Segment Start: Given data

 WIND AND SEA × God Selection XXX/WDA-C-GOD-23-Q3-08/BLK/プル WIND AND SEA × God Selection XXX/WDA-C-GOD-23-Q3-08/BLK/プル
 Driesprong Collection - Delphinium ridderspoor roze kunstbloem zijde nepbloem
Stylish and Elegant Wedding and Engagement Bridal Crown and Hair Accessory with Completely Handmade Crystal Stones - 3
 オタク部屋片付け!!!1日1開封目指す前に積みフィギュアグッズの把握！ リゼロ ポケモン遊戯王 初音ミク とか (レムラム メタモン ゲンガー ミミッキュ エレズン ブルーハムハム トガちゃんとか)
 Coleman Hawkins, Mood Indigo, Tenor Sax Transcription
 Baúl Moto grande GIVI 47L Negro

Segment End: Given data
Segment Start: Given data

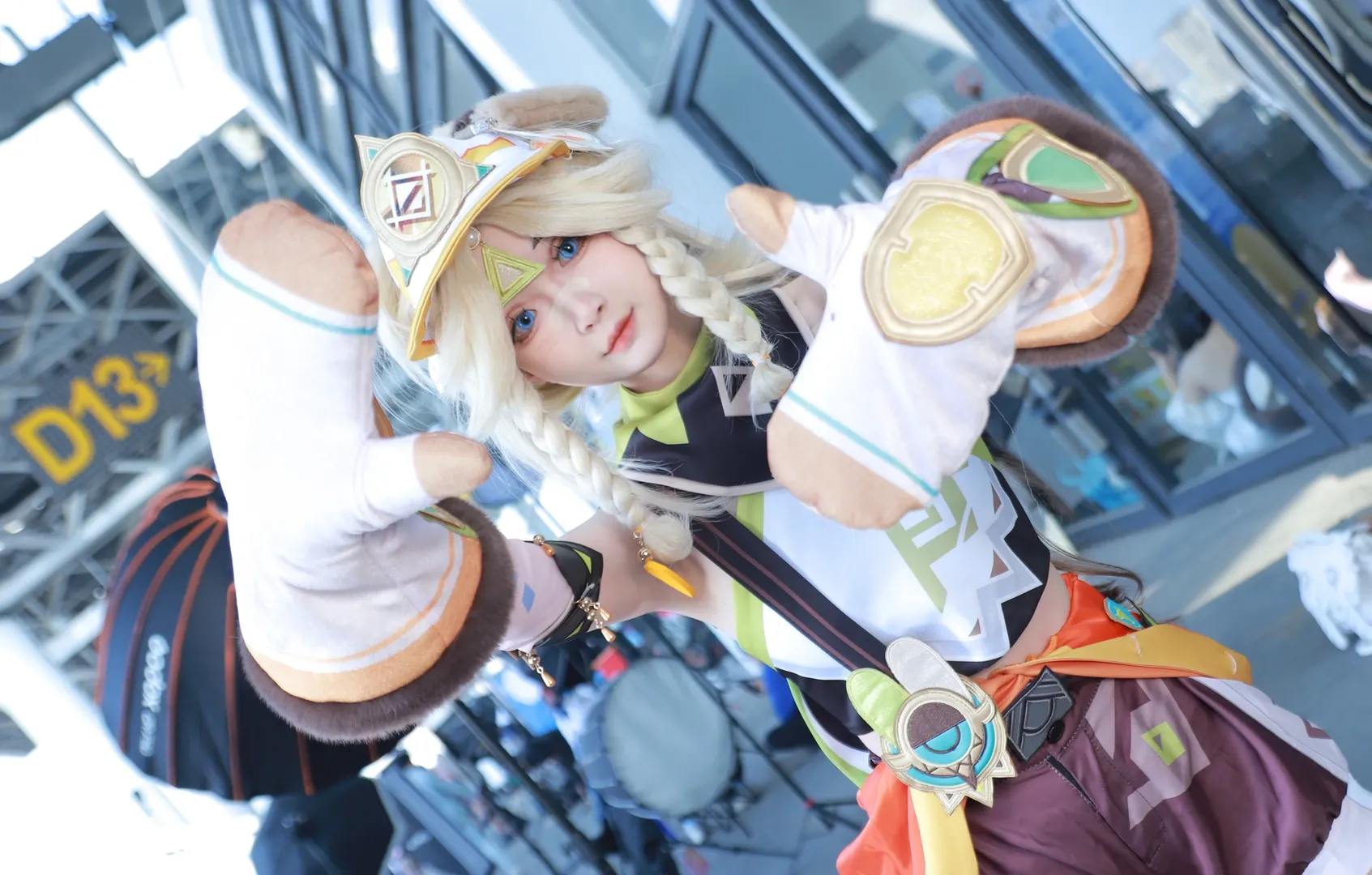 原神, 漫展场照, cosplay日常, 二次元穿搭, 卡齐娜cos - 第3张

Segment End: Given data

> What the task asks
Within the listing above, locate the line containing "Coleman Hawkins, Mood" and the line containing "Baúl Moto grande GIVI 47L Negro". Reproduce those two lines and all lines between them exactly, with nothing added.

> Task solution
 Coleman Hawkins, Mood Indigo, Tenor Sax Transcription
 Baúl Moto grande GIVI 47L Negro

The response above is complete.